### DBSCAN Python Example: The Optimal Value For Epsilon (EPS)

DBSCAN, or Density-Based Spatial Clustering of Applications with Noise, is an unsupervised machine learning algorithm. Unsupervised machine learning algorithms are used to classify unlabeled data. In other words, the samples used to train our model do not come with predefined categories. In comparison to other clustering algorithms, DBSCAN is particularly well suited for problems which require:

- Minimal domain knowledge to determine the input parameters (i.e.
**K**in k-means and**Dmin**in hierarchical clustering) - Discovery of clusters with arbitrary shapes
- Good efficiency on large databases

If you’re interested in reading up on DBSCAN, the original paper can be found here.

### Algorithm

As is the case in most machine learning algorithms, the model’s behaviour is dictated by several parameters.
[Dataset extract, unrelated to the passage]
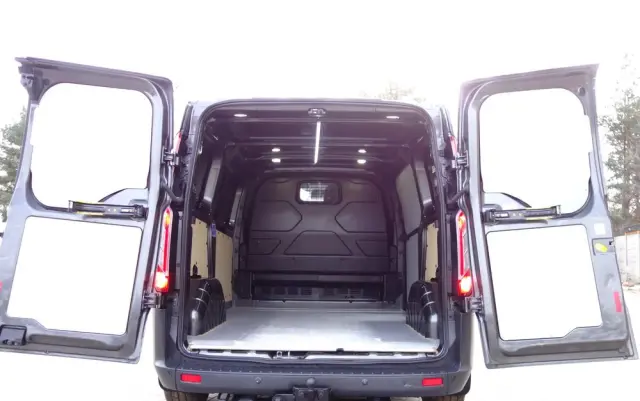 FORD Transit Custom 2.0 Ecoblue 130 KM Automat L1H1 Klima 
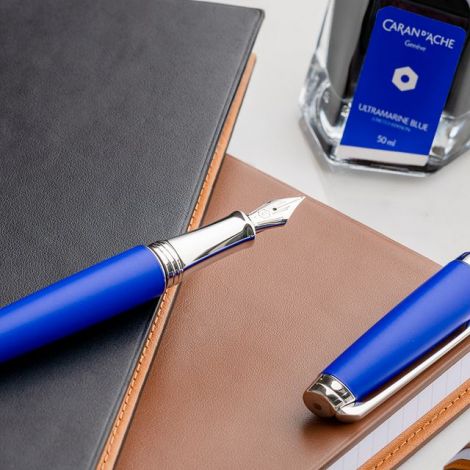 Pluma KLEIN BLUE® LÉMAN Edición Limitada con tintero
In the proceeding article, we’ll touch on three.

**eps**: Two points are considered neighbors if the distance between the two points is below the threshold epsilon.**min_samples**: The minimum number of neighbors a given point should have in order to be classified as a core point.**It’s important to note that the point itself is included in the minimum number of samples.****metric**: The metric to use when calculating distance between instances in a feature array (i.e. euclidean distance).

The algorithm works by computing the distance between every point and all other points. We then place the points into one of three categories.

Core point: A point with at least ** min_samples** points whose distance with respect to the point is below the threshold defined by epsilon.

Border point: A point that isn’t in close proximity to at least ** min_samples** points but is close enough to one or more core point. Border points are included in the cluster of the closest core point.

Noise point: Points that aren’t close enough to core points to be considered border points. Noise points are ignored. That is to say, they aren’t part of any cluster.

### Code

Let’s take a look at how we could go about implementing DBSCAN in python. To get started, import the following libraries.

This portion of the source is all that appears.